We are given \( \frac{N}{N_0} = 0.10 \) or 10%. Substituting this into the decay formula gives:\[ 0.10 = \left( \frac{1}{2} \right)^{\frac{t}{12.33}} \]

Solve for Time \(t\)

Take the natural logarithm of both sides to solve for \(t\):\[ \ln(0.10) = \ln\left(\left( \frac{1}{2} \right)^{\frac{t}{12.33}}\right) \]Using the logarithm power rule:\[ \ln(0.10) = \frac{t}{12.33} \times \ln\left(\frac{1}{2}\right) \]Solve for \(t\):\[ t = \frac{\ln(0.10)}{\ln(0.5)} \times 12.33 \]

Calculate the Result

Calculate \( t \) by evaluating the expression:\[ t = \frac{\ln(0.10)}{\ln(0.5)} \times 12.33 \approx 41 \text{ years} \]

Key concepts

Half-Life Calculation

In the world of radioactive decay, the term **half-life** plays a crucial role. It refers to the time required for half of the radioactive substance in a sample to decay. This concept is especially helpful when dealing with isotopes like tritium in our exercise. Imagine you have a certain amount of a radioactive substance. After one half-life period, only half of the original amount remains.

To calculate the age of an object using half-life, you can apply the decay formula:

• \(N = N_0 \times \left( \frac{1}{2} \right)^{\frac{t}{t_{1/2}}} \), where \(N\) is the remaining substance, \(N_0\) is the original amount, \(t\) is the time elapsed, and \(t_{1/2}\) is the half-life.
• For the exercise, where tritium has a half-life of 12.33 years, this equation allowed us to find how much time it took for the radiation to drop to 10% of its original level.

Understanding half-life calculations is key to dating ancient objects, helping archaeologists, and researchers measure the age of artifacts accurately.

Tritium Decay

Tritium, or \( {}^{3}_{1} \text{H} \), is a radioactive isotope of hydrogen. It occurs naturally in the environment and can also be produced by nuclear reactions. Its half-life of 12.33 years means it's suitable for studying processes that happen over decades.

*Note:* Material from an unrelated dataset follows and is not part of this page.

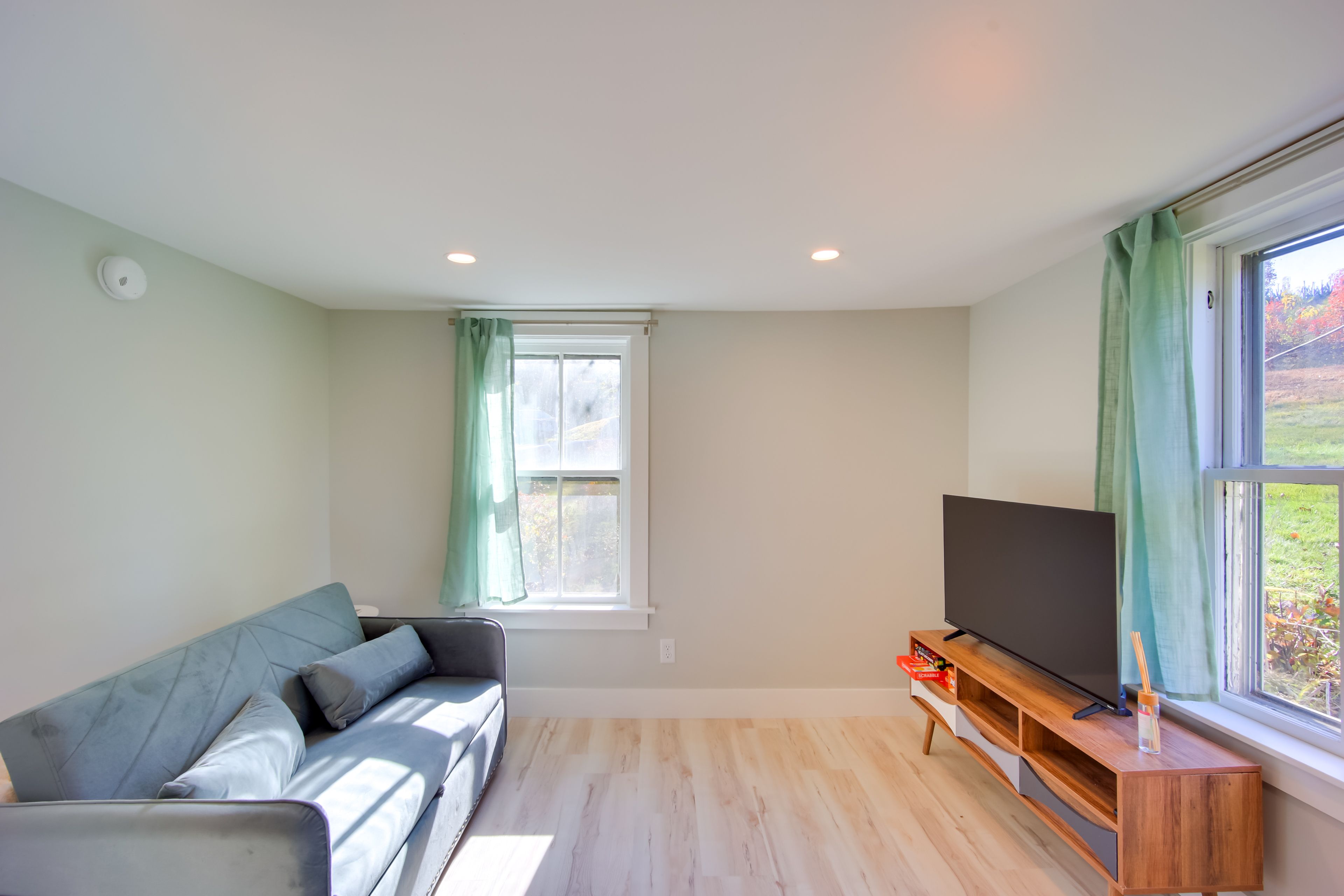 Living Room | Full Sleeper Sofa | Smart TV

In tritium decay, nuclei of tritium spontaneously change by emitting a beta particle. This transformation reduces its quantity over time. As shown in the exercise, even though only 10% of tritium was left in the wine bottle, we could use its known decay properties to accurately determine how many years had passed since the wine was produced.

Knowing about tritium decay is not only useful for scientific exercises like this but is critical in fields such as

• environmental monitoring, where tracking tritium can help assess contamination levels, and
• hydrology, for tracking the movements of water masses.

Radiocarbon Dating

Radiocarbon dating is a scientific method used to determine the age of an artifact or fossil. It relies on the principle of radioactive decay and the concept of half-life, often involving isotopes like carbon-14, but in some cases, other suitable isotopes like tritium can be used. This dating technique is invaluable for archaeologists and geologists when dating organic materials from ancient times.

By measuring the remaining amount of the radioactive isotope and factoring in its decay rate (half-life), scientists can backtrack and estimate when the organism was alive. In our exercise, this method of understanding decay was applied to calculate the age of a bottle of wine based on the amount of tritium left.

Radiocarbon dating is reliable because:

• It considers known decay rates, precisely balancing the calculations.
• Standard tables and formulas provide a consistent method of determining the elapsed time.
• Its use is widely accepted in fields such as archaeology and earth sciences.

Mastering radiocarbon dating principles allows for a better understanding of how scientists piece together Earth's history and reconstruct past climates and ecosystems.